Dave Taylor, author of Wicked Cool Shell Scripts, begins a new series on Linux shell scripting in this issue.
If you're reading this publication, you already know that Linux is one of the most powerful and versatile operating systems available today. If you're an old-timer like me, you also know all about the command line and the geeky retro joy that typing commands rather than clicking icons offers the diligent user. Nowadays, though, the graphical interface layered atop Linux is so well designed that—though I find it a bit baffling—plenty of Linux users never go near the command line.
That's too bad. The command line is tremendously powerful, and the underlying metaphor of commands being strung together in pipes to create custom command sequences means that Linux actually offers millions of unique ways to work with the system. But, yes, there's a definite learning curve to overcome.
More than just the command line, though, it turns out that the shell offers a simple and surprisingly powerful programming environment through what we call shell script programming. In UNIX parlance, a shell is a command-line interface or CLI. Either way, it's the program that receives the commands you type in and actually does whatever it is you requested. String a bunch of these commands together, put them in a file and you have a shell script—simple and straightforward.
That's what I'm going to address in this new column here at Linux Journal, and fair warning for those über-geeks in the crowd, I'm going to go slow and make sure we cover all the basic concepts before we move into complex scripting tricks and techniques.
To start, let me briefly introduce myself. I first logged in to a BSD UNIX system way back in 1980 and have been involved with UNIX, and then Linux systems, ever since. I worked with the Open Software Foundation, helped manage the Usenet hierarchy, was one of the postmasters at hplabs back in the old UUCP days and am pretty well known as the author of The Elm Mail System. I've written 19 books, notably including Teach Yourself Unix in 24 Hours and the best-selling Wicked Cool Shell Scripts. I've contributed software to a variety of UNIX and Linux distros, including BSD 4.4 back when that was released, and I still have an open terminal window on my computer regardless of what I'm working on. I'm hooked on the command line, what can I say?

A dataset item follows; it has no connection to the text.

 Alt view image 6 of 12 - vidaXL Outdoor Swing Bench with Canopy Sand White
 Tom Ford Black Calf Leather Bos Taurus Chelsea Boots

To get started, let's talk about one of the most important concepts of the Linux command line: standard input and output. When you run a program like ls to list files or date to see the date and time (sadly, the latter command doesn't help you gain a social life. If only it were so easy!), it turns out that the program actually has an input channel and two output channels. For these commands, the input channel is ignored because they don't actually read input from what's called the input stream, but they do have both an output and error output stream that are utilized. These three streams are called standard input (or stdin), standard output (or stdout) and standard error (or stderr). Why is this important? Because you can redirect any of them to come from a file or to go to a file—for any Linux command.
Let's say that you want to create a new file called rightnow, and you want it to contain the current date and time. Here's how that'd look on the command line:
date > rightnow
Easy enough. An important warning, however, is that if the output file you specify already exists, by default Linux just silently overwrites it, not infrequently leading to curses, great frustration and unhappy users. Be careful (or read up in your favorite command shell's man page about noclobber).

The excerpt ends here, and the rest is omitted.